Entries taken from a collection —

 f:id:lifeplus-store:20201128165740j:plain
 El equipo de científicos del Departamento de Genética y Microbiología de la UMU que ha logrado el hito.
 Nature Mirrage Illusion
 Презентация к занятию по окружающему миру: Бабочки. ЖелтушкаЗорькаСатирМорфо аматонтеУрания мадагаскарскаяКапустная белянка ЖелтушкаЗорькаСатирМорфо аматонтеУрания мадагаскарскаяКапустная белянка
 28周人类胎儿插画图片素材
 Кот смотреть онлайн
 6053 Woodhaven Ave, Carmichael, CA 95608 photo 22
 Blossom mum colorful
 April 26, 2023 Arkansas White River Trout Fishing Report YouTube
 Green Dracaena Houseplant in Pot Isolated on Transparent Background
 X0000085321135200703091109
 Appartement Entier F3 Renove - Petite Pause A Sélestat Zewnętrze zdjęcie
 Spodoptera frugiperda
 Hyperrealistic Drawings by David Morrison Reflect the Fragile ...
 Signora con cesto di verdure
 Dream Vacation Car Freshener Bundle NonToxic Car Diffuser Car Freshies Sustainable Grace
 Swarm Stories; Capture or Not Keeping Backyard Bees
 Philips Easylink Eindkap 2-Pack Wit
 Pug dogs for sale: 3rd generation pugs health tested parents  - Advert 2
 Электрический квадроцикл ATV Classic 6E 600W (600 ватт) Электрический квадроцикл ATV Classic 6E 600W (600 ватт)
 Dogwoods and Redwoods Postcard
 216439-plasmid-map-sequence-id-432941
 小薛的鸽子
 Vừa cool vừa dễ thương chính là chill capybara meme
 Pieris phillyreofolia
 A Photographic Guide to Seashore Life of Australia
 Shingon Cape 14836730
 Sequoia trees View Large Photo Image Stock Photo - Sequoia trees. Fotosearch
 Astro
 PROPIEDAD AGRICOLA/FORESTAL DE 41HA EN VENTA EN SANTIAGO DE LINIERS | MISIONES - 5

Task — Using the records above, set down exactly the lines from the one with "28周人类胎儿插画图片素材" through the one with "Pug dogs for", inclusive, and nothing more.

Exercise answer —
 28周人类胎儿插画图片素材
 Кот смотреть онлайн
 6053 Woodhaven Ave, Carmichael, CA 95608 photo 22
 Blossom mum colorful
 April 26, 2023 Arkansas White River Trout Fishing Report YouTube
 Green Dracaena Houseplant in Pot Isolated on Transparent Background
 X0000085321135200703091109
 Appartement Entier F3 Renove - Petite Pause A Sélestat Zewnętrze zdjęcie
 Spodoptera frugiperda
 Hyperrealistic Drawings by David Morrison Reflect the Fragile ...
 Signora con cesto di verdure
 Dream Vacation Car Freshener Bundle NonToxic Car Diffuser Car Freshies Sustainable Grace
 Swarm Stories; Capture or Not Keeping Backyard Bees
 Philips Easylink Eindkap 2-Pack Wit
 Pug dogs for sale: 3rd generation pugs health tested parents  - Advert 2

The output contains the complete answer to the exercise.